Author: Stewart Berry
The government knows where we live. And, if you live in Australia or Denmark, so does everyone else. While no personal information is included, these two countries have released databases of the location of every single address.
Australia only recently joined the club of countries that have open address point data. Denmark is the other country (let me know in the comments section if you know of any others!) and the Danes have reported a huge return on their investment. When you know where every single address is in a country, the possibilities for geospatial analysis are limitless.
Address data has been set free in Australia because of a shrewd move by the Australian government. Initiatives under the National Innovation and Science Agenda are making public data more available for the benefit of all Australians. With precedent in only a few countries, research indicates that such “open data” initiatives provide significant boosts to the host economy. For example, a study for the UK government estimates that the Ordnance Survey OpenData initiative will deliver a net £13.0 million - £28.5 million increase in GDP in 2016.
We wanted to see how far we could push Maptitude with these data to illustrate how easy it is to work with large amounts of information. A good example of this is calculating the center of a country. One of the primary benefits to users of the Australian data is that they no longer have to pay a premium for nationwide address level geocoding (pin-mapping) and visualization. Using Maptitude we plotted every single Australian address.
Next, as an armchair explorer, I thought that I would set out to discover the center of Australia. Unfortunately, real explorers such as Charles Sturt and John McDowall have already done this, so I have satisfied myself with finding the modern center of the country based on the locations of over 14 million current Australian addresses. In a couple of clicks Maptitude shows me that Conoble Lake is at the heart of the country.
The coordinate in the map above (-32.861480, 144.720329) is as dry as the desert landscape in which it is located, so I looked up the what3words location. what3words gives a unique and random 3 word description for every 3m grid on earth, with my coordinate corresponding to “automation.fever.clunk”. A description like “automation.fever.clunk” is obviously much more cutting edge and easier to remember than using boring and lengthy longitude/latitude coordinates, and more befitting of my present day flag in the ground.
By integrating the now freely available Geo-coded National Address File (G-NAF) into Maptitude, the value proposition of the mapping software is even more unassailable and empowers even non-techie users with map aptitude.

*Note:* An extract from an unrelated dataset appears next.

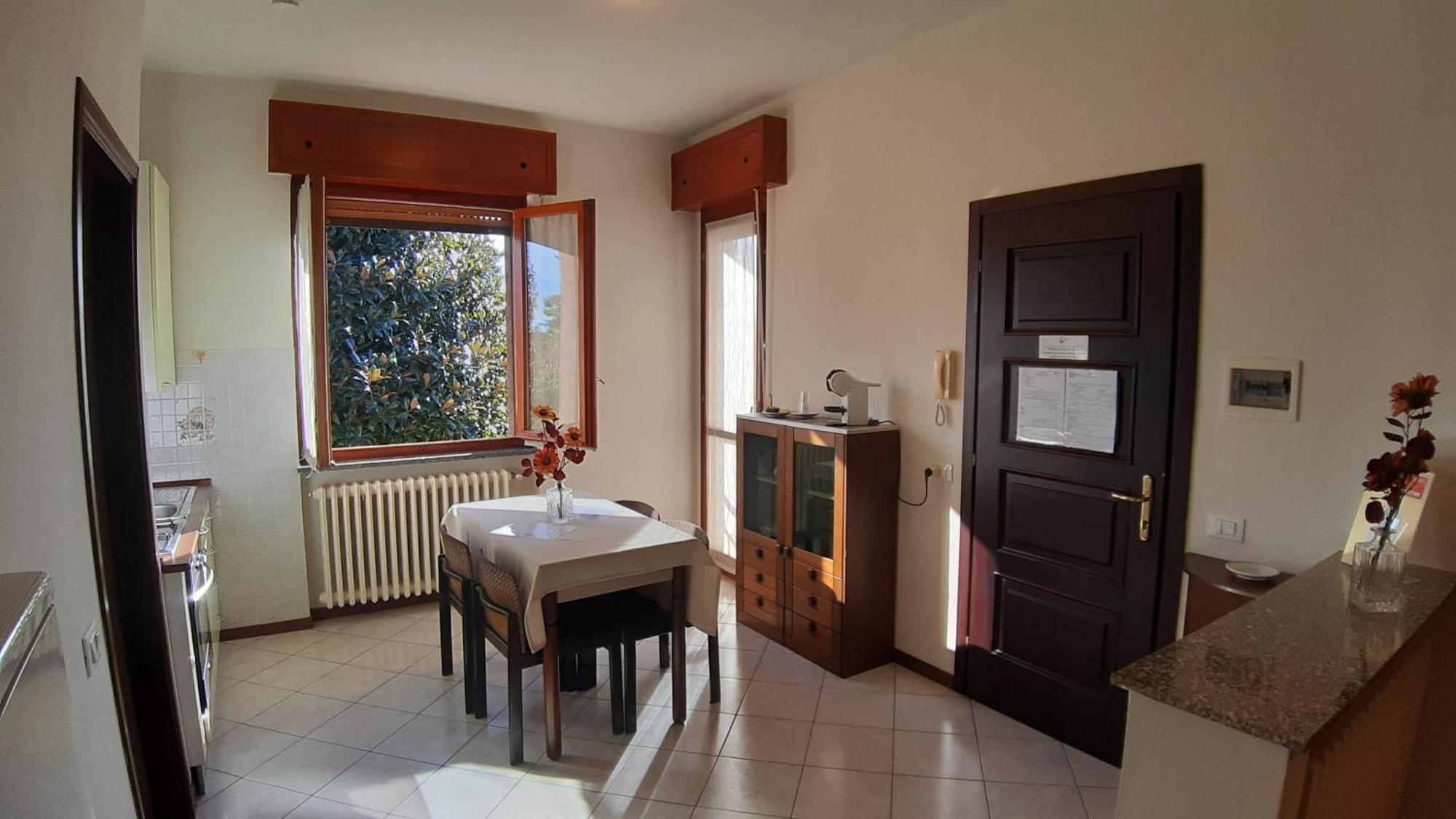 Villa Gaudi Cornegliano Laudense Extérieur photo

Geospatial data, such as streets with associated address range attributes, have long been freely available in the USA. However, the American data is often critiqued for being of low and variable quality and not up to the standards of data from agencies such as the British Ordnance Survey.
In the USA, the Census Bureau is responsible for publishing the national address range data, and census data has been used to define the geographic center of the country since 1918. In reality, the center of a country is open to interpretation with several different proposed centers having been calculated for many countries including the USA and Australia. For example, in the USA a farmstead northeast of Potwin, Kansas, was assigned the rounded geographic center of the contiguous USA (39.8333333,-98.585522 to 38.0000,-97.0000) by the online fraud prevention company MaxMind. Unfortunately, being the default location of 600 million IP addresses resulted in harassment because people incorrectly assumed that the unsuspecting residents were responsible for all sorts of shady cybercriminal practices.
Despite the open access to geospatial data in the USA, the lack of funding hampers the development of critically valuable national datasets. While efforts are underway to create an open address database by organizations such as the U.S. Department of Transportation, this is still in an exploratory phase.
Denmark was the first country to release an open database of geocoded national address locations. Open geospatial data has a broad array of benefits from stimulating economic growth to fighting corruption. For example, reports have shown that those countries leading the Corruption Perception Index also rank at the top of the Open Data Index (correlation is not causation, but these reports do have some interesting findings). According to a 2010 study, the direct financial benefits to Danish society of the open address data for the period 2005-2009 totaled EUR 62 million through improved government capabilities and more efficient service delivery.
Open address data and GIS software such as Maptitude allow analysts to:
When you have direct access to such data for visualization, research and address matching, as you do in Maptitude, then you will be empowered to achieve what would otherwise require a significant investment and a specialized education.